Oleh karena itu, sebelum masuk ke tahap pembuktian di persidangan, Mia mengatakan ada tahapan proses yang harus dilalui. Salah satunya adalah penyerahan tersangka dan alat bukti dari penyidik kepada penuntut umum. Akan tetapi proses itu menjadi terhambat lantaran tersangka MSA selalu mangkir dari panggilan penyidik bahkan melarikan diri dalam proses penangkapan.
Mia kemudian menilai, tindakan tersangka MSA itu bagian dari melawan hukum dengan menggunakan opini publik untuk mempengaruhi proses penegakannya.
Menurut Mia opini yang dicoba dibangun oleh tersangka MSA beserta keluarga dan kelompok atau pengikutnya bahwa yang bersangkutan tidak pernah melakukan tindak pidana yang disangkakan, melainkan merupakan korban fitnah, bertujuan menggiring opini di masyarakat.
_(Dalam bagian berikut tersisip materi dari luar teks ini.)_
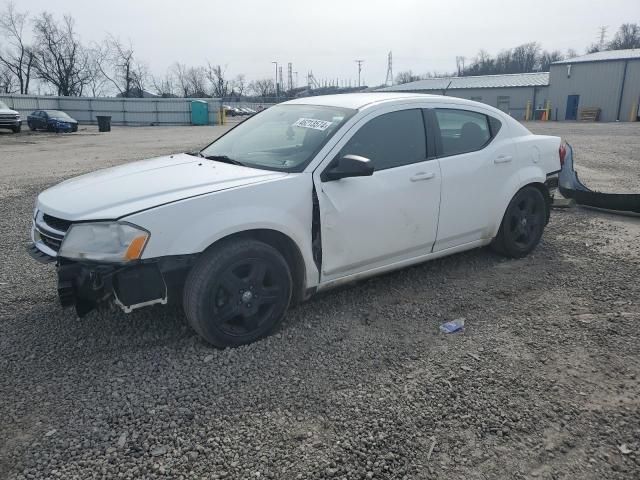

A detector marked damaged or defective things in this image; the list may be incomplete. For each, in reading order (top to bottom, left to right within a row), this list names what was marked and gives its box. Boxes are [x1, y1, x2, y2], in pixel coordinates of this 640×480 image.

damaged front bumper [560, 143, 640, 215]
damaged front fender [560, 143, 640, 215]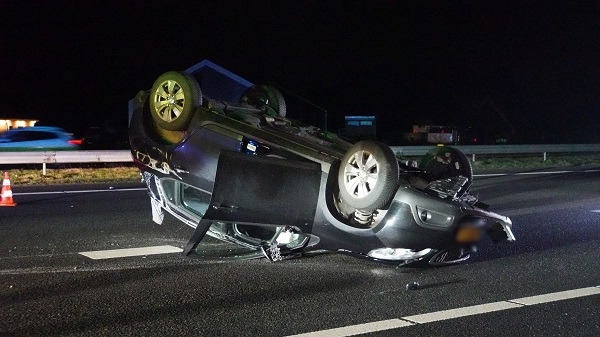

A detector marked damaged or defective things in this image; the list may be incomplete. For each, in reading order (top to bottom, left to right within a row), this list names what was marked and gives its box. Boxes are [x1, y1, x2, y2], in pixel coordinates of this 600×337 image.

“Sehingga ketika terjadi proses penangkapan sebagai salah satu upaya paksa untuk penegakan hukum, masyarakat diharapkan percaya atas opini tersebut dan melindungi pelaku kejahatan tersebut dari aparat penegak hukum yang dicitrakan oleh mereka telah bertindak sewenang-wenang karena menindak orang yang salah. Yang justru merupakan korban dari suatu fitnah yang dilancarkan oleh pelapor ataupun korban tindak pidana,” paparnya.
Ia lantas mempertanyakan, bagaimana bisa membuktikan tersangka MSA sebagai korban fitnah bila yang bersangkutan tidak bersedia mengikuti proses hukum untuk membuktikan tuduhannya itu.
Mia lalu menegaskan, bahwa semua orang mempunyai kedudukan sama di hadapan hukum. “Maka warga negara dalam berhadapan dengan hukum tidak ada yang berada diatas hukum. ‘No man above the law’ artinya tidak ada keistimewaan yang diberikan oleh hukum pada subjek hukum,” tutupnya.